The movie makes no mention of a mid-course correction made while en route to the moon which took the spacecraft off of a free return trajectory. After the explosion, a second correction was successfully made to put the spacecraft back on a free return trajectory. Without this correction, the astronauts still would have swung around the moon, but would have missed the earth on the return leg. Although a free return trajectory was agreed upon in the movie, the engine burn to accomplish this was not portrayed. The astronauts also made a four-minute engine burn after swinging around the moon to gain additional speed and to enable them to splash down in the Pacific Ocean. There is a brief reference to this in the movie, but this maneuver was not portrayed.
St. John's Military Academy, the school that Jim Lovell's son attends during the mission, is a real military school located in Delafield, Wisconsin. The scenes in the movie showing the school were not, however, filmed on location.
Several items in the movie, including Jim Lovell's jumpsuit and a coffee mug at Mission Control bear the mission patch for Apollo 8, the mission that took Lovell to the moon for ten orbits a year and a half earlier.
The Navy SH-3H Sea-King "66" helicopter from the rescue scene is not the original rescue aircraft from the Apollo missions as previously stated, as the original "66" had been lost at sea before the film was made. Another Sea King (bureau number 148999) was painted up like the original and used for filming. This helicopter can (as of Dec. 2008) be seen on display at the USS Hornet Museum in Alameda, CA. The aircraft was assigned to and flown by crews from HC-85, a Naval Reserve squadron based at NAS North Island in San Diego, CA. HC-85 was one of the last units to fly the Sea King helicopter in the U.S. Navy.
At the end of the sequence where a method is devised to fit "a square peg into a round hole" to fix the CO2 scrubbers, a technician is heard saying to the leader of the team that created the makeshift solution (credited simply as "Technician", though it might be assumed that it's Ed Smylie, who was the real guy in charge of that team) "you, sir, are one steely-eyed missile man!" - this colloquial NASA title of honor was perhaps most famously bestowed upon John Aaron after he, serving as EECOM, saved the Apollo 12 mission 4 months earlier when that craft was struck by lightning during launch and had its telemetry signal scrambled. John Aaron was prominently present during the events of this mission as well; he is the tech played by Loren Dean who, along with Ken Mattingly (Gary Sinise ), figures out how to power up the craft for reentry.

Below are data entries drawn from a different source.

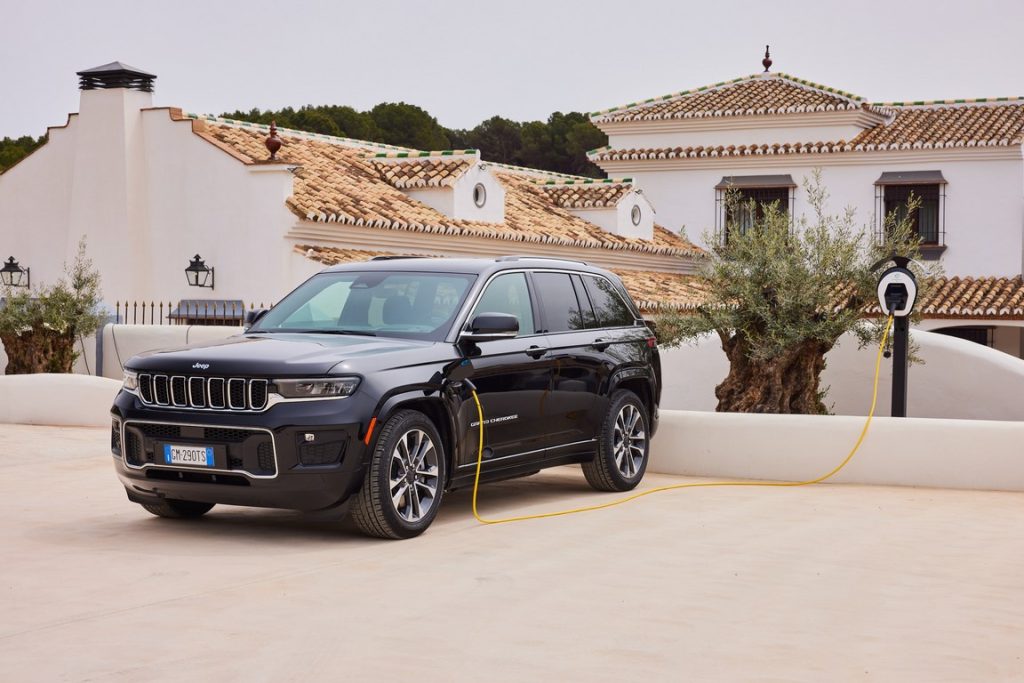 Jeep Grand Cherokee 2023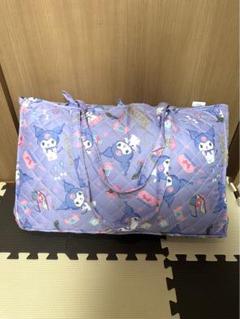 サンリオ　【クロミ】お昼寝7点セット 紫 ぽ様専用】サンリオ クロミちゃん お昼寝布団7点セット クロミ3
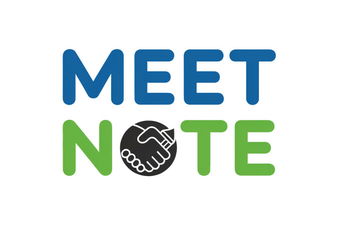 MeetNote.com - Creative brandable domain for sale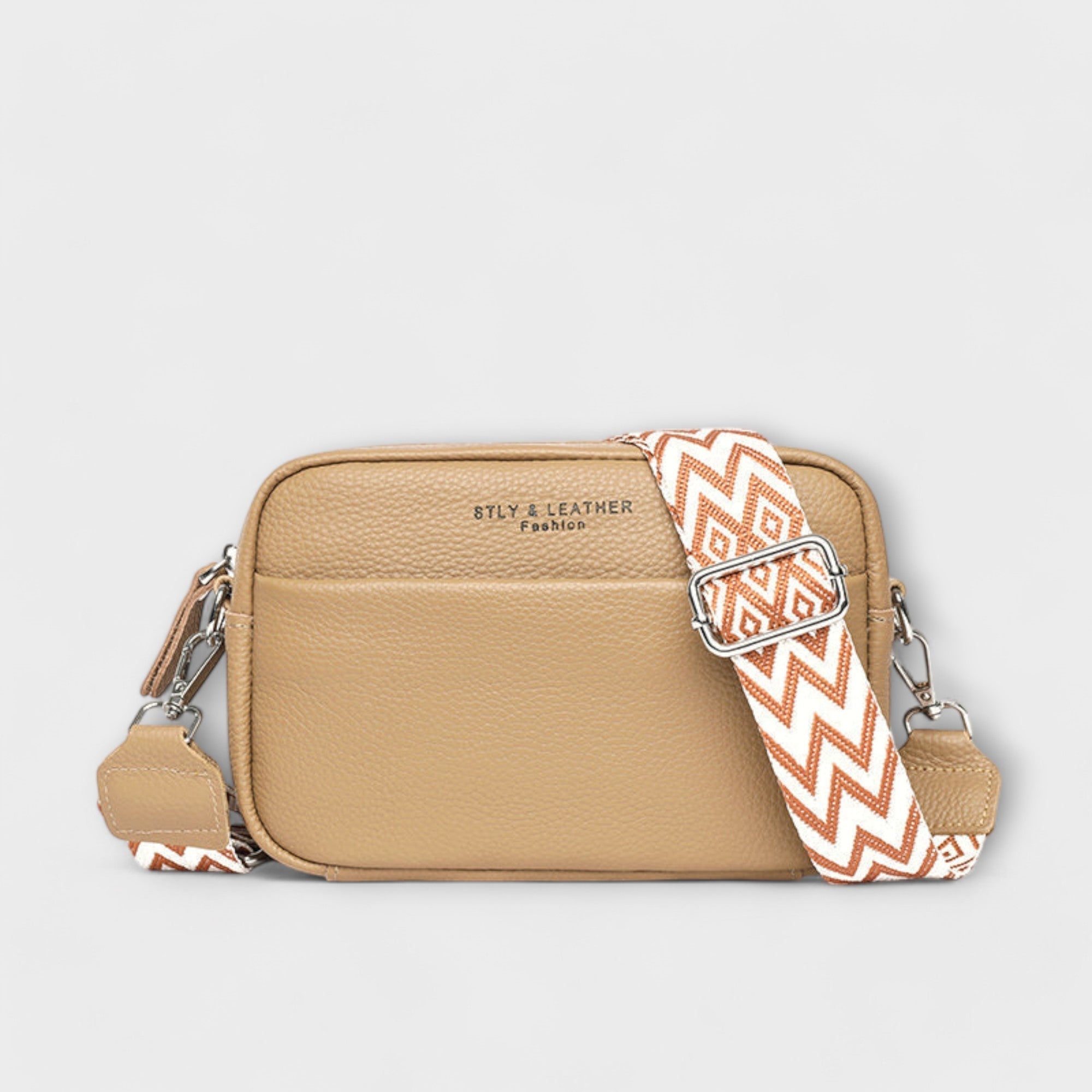 Giulia – Mini Borsa a Tracolla Compatta ed Elegante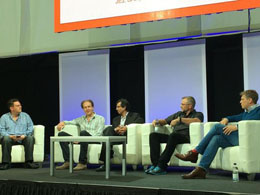 CoinSummit Day Two: Mining Superpowers and the 51% Challenge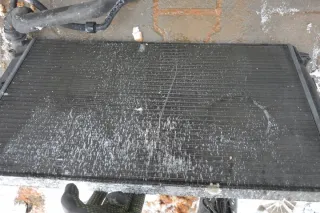 1K0121253AA Радиатор (основной) Seat Leon 2 Арт e4703148, вид 2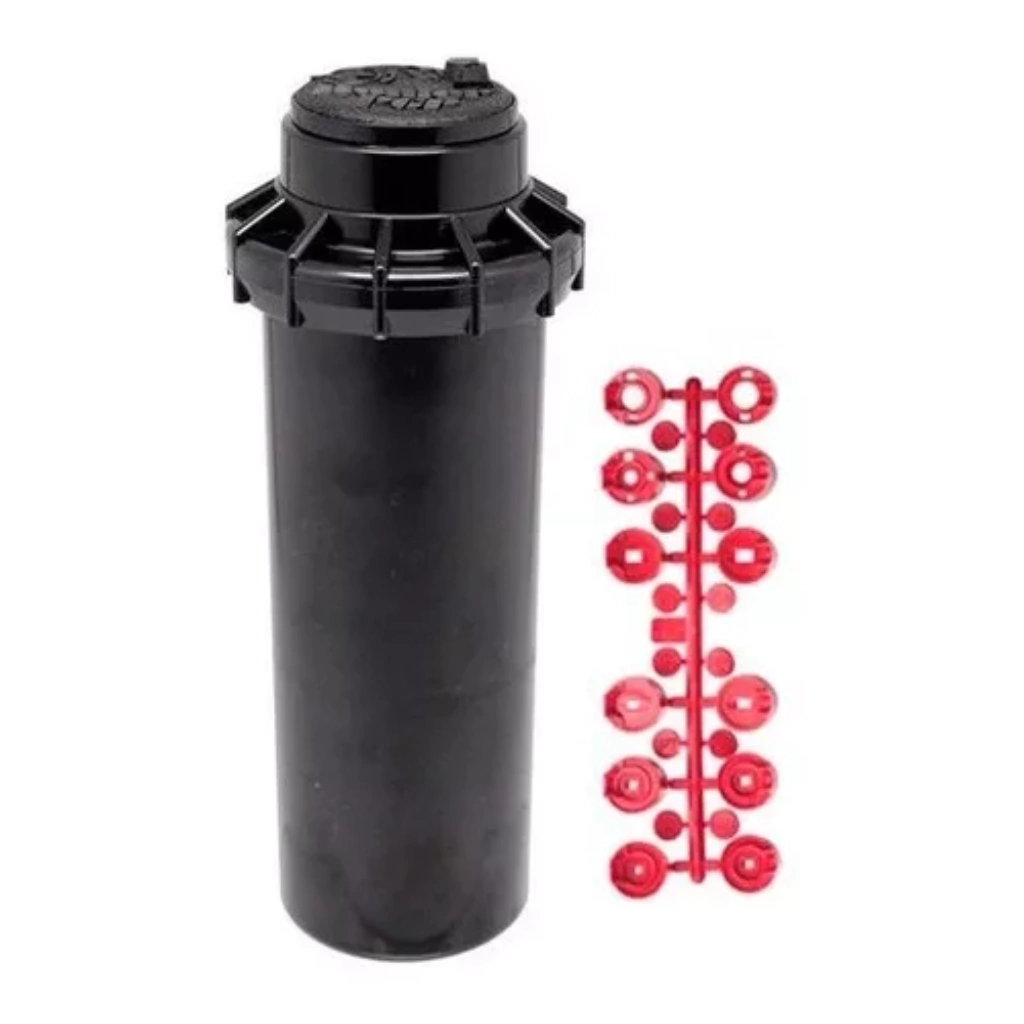 Aspersor Turbina Hunter Pgp-adj Riego Ajustable Hasta 15 Mts
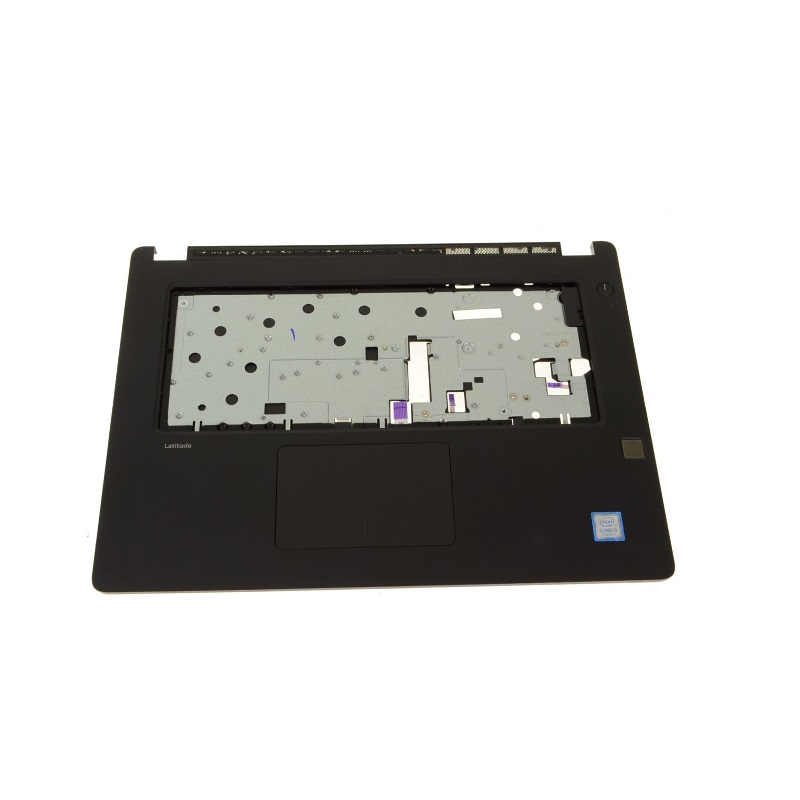 Dell Latitude 3480 Palmrest touchpad fingerprint - 0M6T1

At one point during the return flight there is a bang and nobody is very alarmed; it's just a "burst helium disk." This was actually a significant event, though an expected consequence of the situation. The helium disk served a protective function in the LM descent engine and, after it burst, they might no longer be able to restart that engine. A final course correction, not shown in the movie, had to be done using thrusters instead.
The scene where the engineers are challenged to create a device to use the square CO2 absorbers using only items on board was the inspiration for Cathy Rogers to create the TV shows Junkyard Wars (1998) and Junkyard Wars (2001).
The scene of the Saturn V launch shows the horizontal service arms swinging back after the rocket's ignition. The arms swung back in milliseconds after ignition, once the rocket climbed to a height of two inches. In the movie the service-arms goes in one by one, but in reality they went simultaneously.
All the screens in the fictional Houston control room were monitored by a software center that was built just below the set. According to director Ron Howard, almost three days of production were lost while trying to fix the software, which wouldn't work properly.